* [Action item]:
An exact transcription is needed of the lines below from the one with "Walk-in closet with" through the one with "a shimmering gold", with no other lines and no pictures.

* [Available data]:
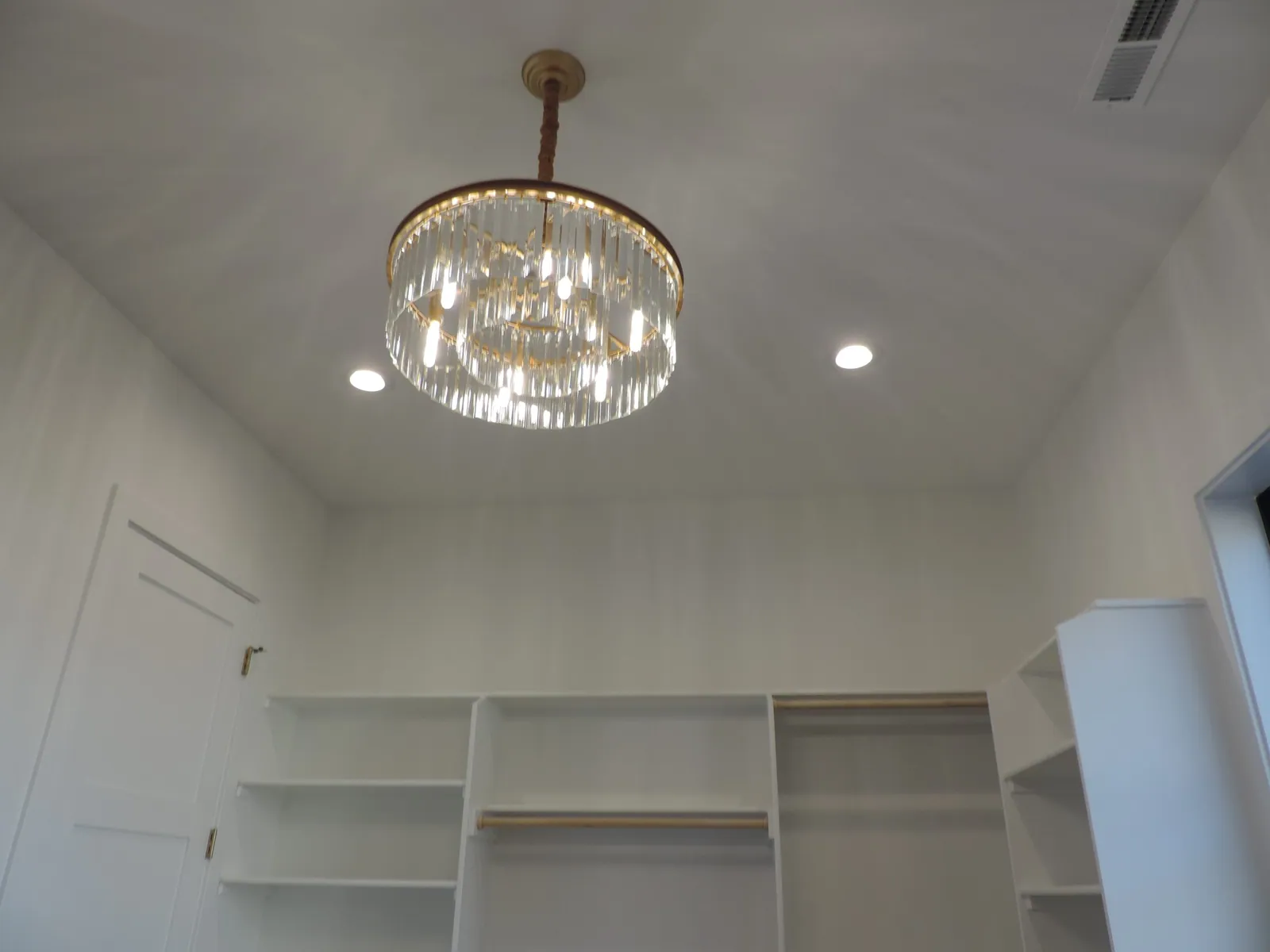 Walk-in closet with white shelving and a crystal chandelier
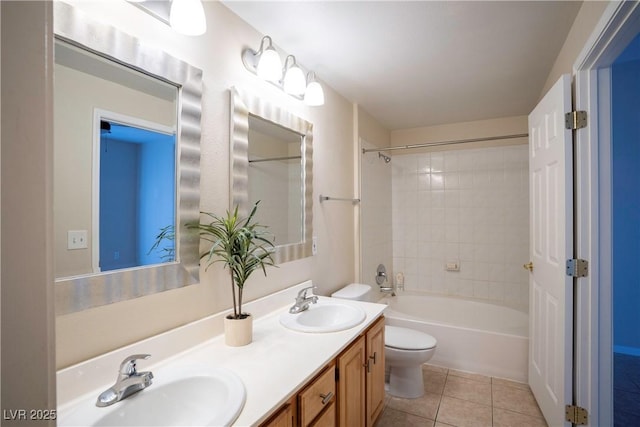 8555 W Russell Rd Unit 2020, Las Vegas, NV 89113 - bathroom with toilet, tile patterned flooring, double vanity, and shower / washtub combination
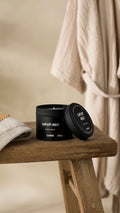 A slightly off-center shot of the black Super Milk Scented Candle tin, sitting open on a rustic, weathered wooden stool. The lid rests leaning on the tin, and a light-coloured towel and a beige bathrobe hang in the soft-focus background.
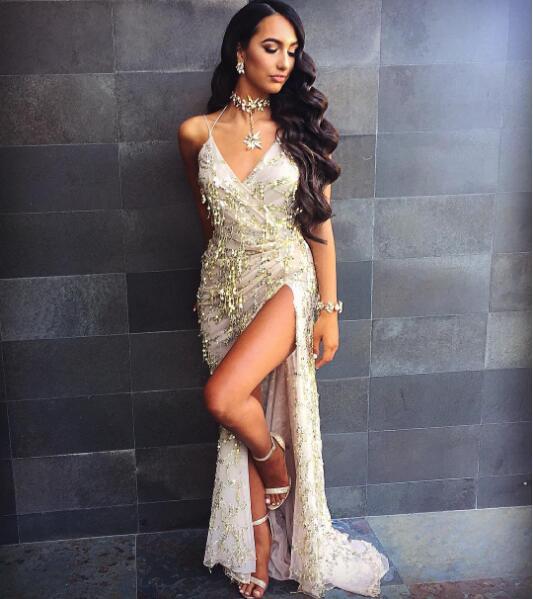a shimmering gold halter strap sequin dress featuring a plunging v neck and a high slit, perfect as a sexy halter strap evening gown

...

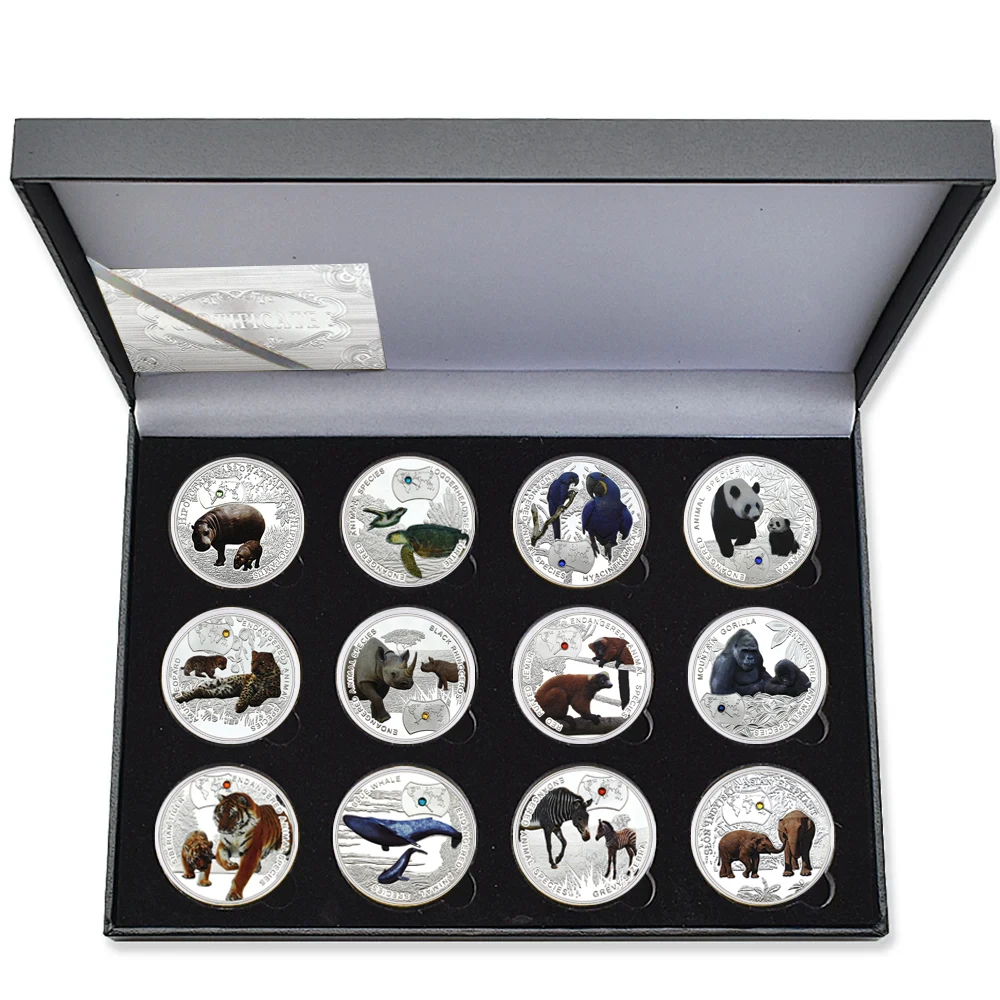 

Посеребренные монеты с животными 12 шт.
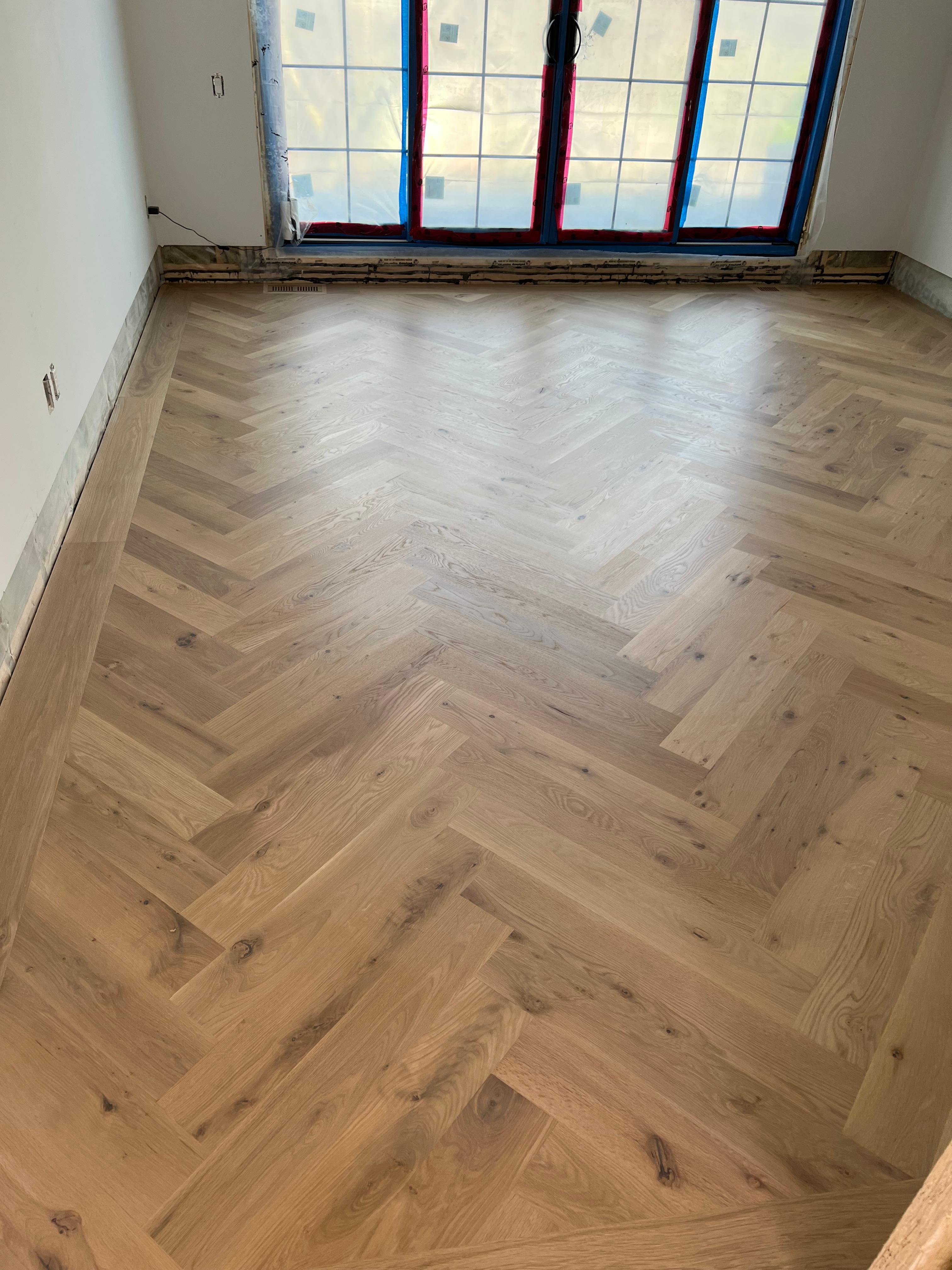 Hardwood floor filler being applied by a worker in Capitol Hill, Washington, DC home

---

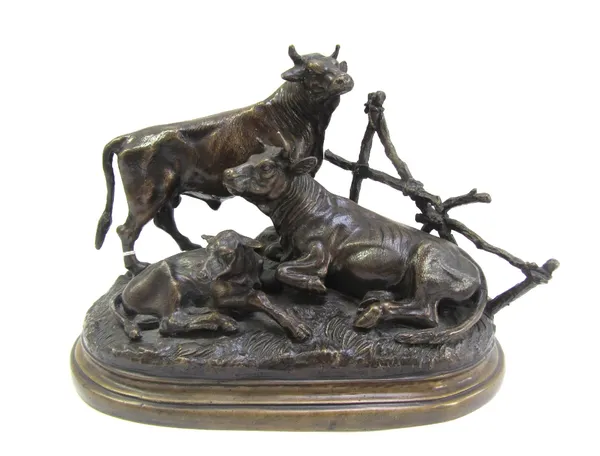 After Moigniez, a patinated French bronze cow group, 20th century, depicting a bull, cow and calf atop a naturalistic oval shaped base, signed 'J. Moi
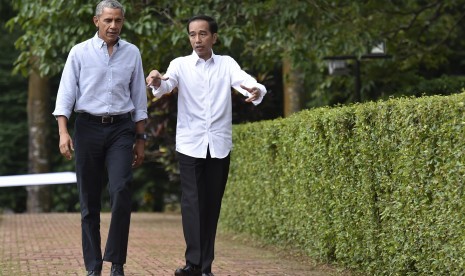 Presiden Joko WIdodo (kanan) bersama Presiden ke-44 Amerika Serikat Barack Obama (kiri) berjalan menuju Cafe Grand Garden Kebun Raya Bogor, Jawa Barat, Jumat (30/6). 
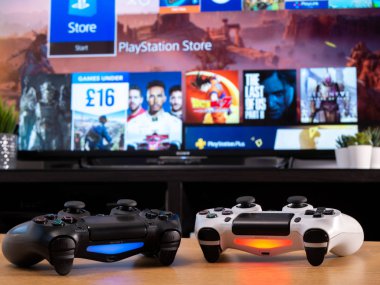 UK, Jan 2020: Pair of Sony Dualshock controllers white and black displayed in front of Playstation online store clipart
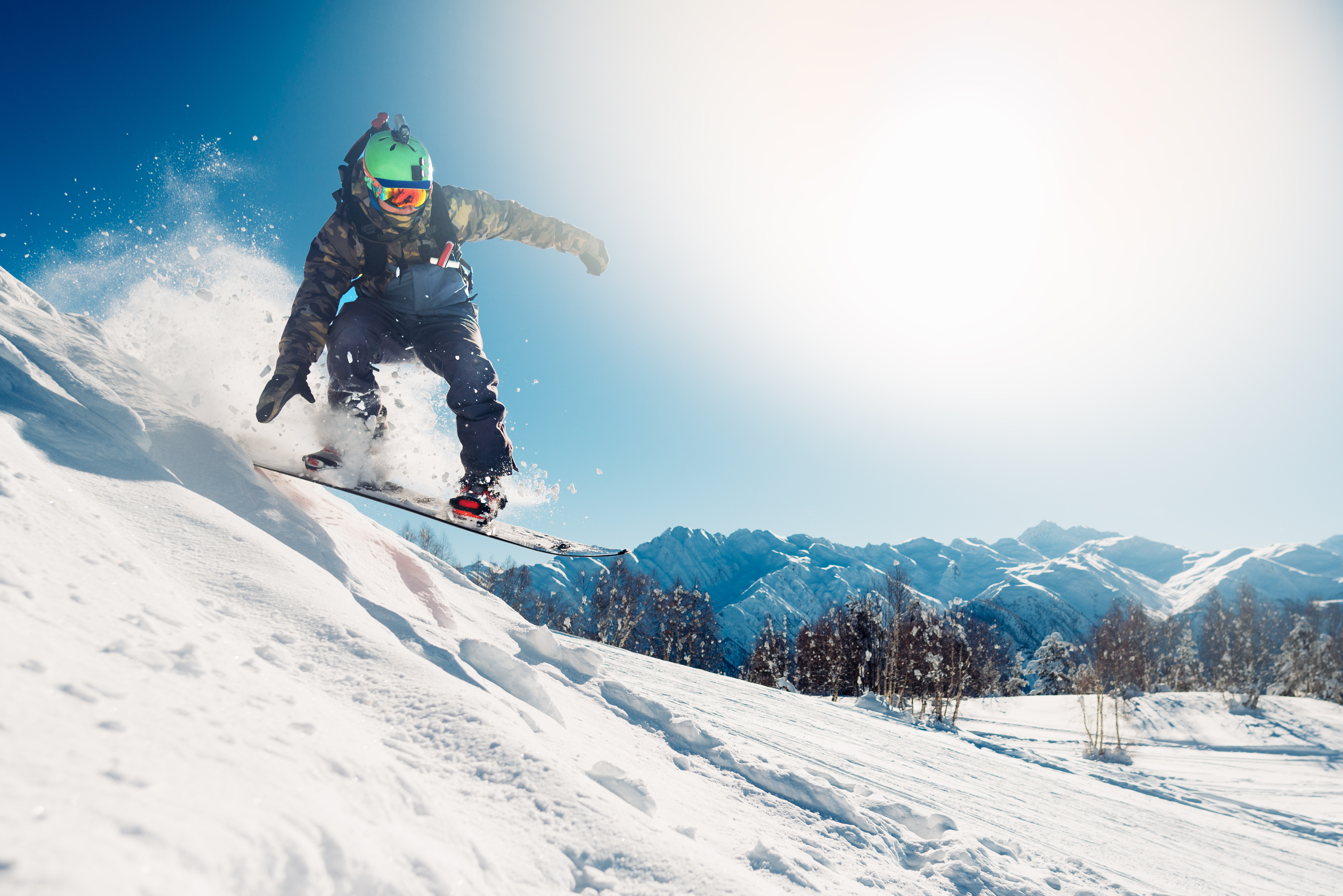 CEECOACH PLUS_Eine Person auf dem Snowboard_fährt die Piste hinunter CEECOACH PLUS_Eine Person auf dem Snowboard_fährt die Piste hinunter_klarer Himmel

* [Answer box]:
 Walk-in closet with white shelving and a crystal chandelier
 8555 W Russell Rd Unit 2020, Las Vegas, NV 89113 - bathroom with toilet, tile patterned flooring, double vanity, and shower / washtub combination
 A slightly off-center shot of the black Super Milk Scented Candle tin, sitting open on a rustic, weathered wooden stool. The lid rests leaning on the tin, and a light-coloured towel and a beige bathrobe hang in the soft-focus background.
a shimmering gold halter strap sequin dress featuring a plunging v neck and a high slit, perfect as a sexy halter strap evening gown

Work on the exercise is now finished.